Nov. 17 (Bloomberg) -- Energy Secretary Steven Chu told lawmakers he was responsible for the $535 million U.S. loan guarantee to Solyndra LLC and said he doubted much of the money would be recovered after the company’s bankruptcy.
Chu, who once predicted the California maker of solar panels would be a “shared success story,” testified today before a House Energy and Commerce subcommittee investigating the Energy Department’s reasons for backing Solyndra and providing refinancing as it slid toward collapse.
“Red flags” about the company’s prospects were “either ignored or minimized by senior officials” in the Obama administration, Representative Fred Upton, a Michigan Republican and chairman of the Energy Committee, told Chu.
“Who is to apologize for the half-billion dollars out the door?” Upton asked.
“Was there incompetence?” Chu said. “Was there any influence of a political nature? So I would say no. It is extremely unfortunate what has happened to Solyndra.”

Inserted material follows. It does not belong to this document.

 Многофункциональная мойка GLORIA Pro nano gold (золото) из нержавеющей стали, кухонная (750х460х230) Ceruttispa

Asked how much of the taxpayer funding invested in Solyndra may be recovered, Chu, 63, said, “I’m anticipating not very much.”
Solyndra today delayed an auction of its business for a second time, from tomorrow to Jan. 19, after failing to get any acceptable bids.

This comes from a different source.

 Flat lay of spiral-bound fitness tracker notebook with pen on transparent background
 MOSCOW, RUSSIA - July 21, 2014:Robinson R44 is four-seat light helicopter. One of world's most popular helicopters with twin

Chu, testifying under oath in his first appearance before Congress since Solyndra’s September collapse, denied White House officials sought to influence the decision for political reasons, as Republicans have said.
Taxpayers’ ‘Best Interest’
“The final decisions on Solyndra were mine, and I made them with the best interest of the taxpayer in mind,” Chu said.
The Energy Department approved in February a refinancing that put taxpayer debt behind $75 million in new funding from private investors in a last-ditch effort to rescue Solyndra. Republicans said the agreement violated a 2005 energy law prohibiting subordination of public money.
Representative Steve Scalise, a Louisiana Republican, asked who would be paid first as money is recouped from the sale of Solyndra’s assets.
“Does the taxpayer have first dibs?” Scalise said.
“After restructuring? No,” Chu responded.
Chu said the restructuring gave Solyndra a “fighting chance to survive.”
“It was a difficult decision, and we were always, always focused on that path that could get as much taxpayer recovery as possible,” he said.
Chu said his department’s general counsel determined that the law banned subordinating taxpayer debt only for an initial loan guarantee, not for a refinancing. Scalise predicted the Solyndra subordination will be found illegal.
Backed by Democrats on the panel, Chu defended aid to companies such as Solyndra, saying federal support for clean-energy ventures is necessary to compete in a “fierce global race to capture” a market that will grow by “hundreds of billions of dollars” in coming decades. China has invested aggressively, he said.
Representative Henry Waxman of California, the top Democrat on the Energy committee, said the U.S. needed to continue to invest in alternative energy.
“Our economic growth and our national security will be determined by whether we succeed in building these new industries,” Waxman said.
Representative Diana DeGette, a Colorado Democrat, said Republicans were using Solyndra to fire “partisan broadsides” at the Obama administration.
Among signs Republicans cited as warning flags was an e-mail written by an Energy Department official in August 2009 noting that a model showed a Solyndra project financed with the loan guarantee would run out of money in September 2011. Solyndra filed for bankruptcy on Sept. 6, 2011.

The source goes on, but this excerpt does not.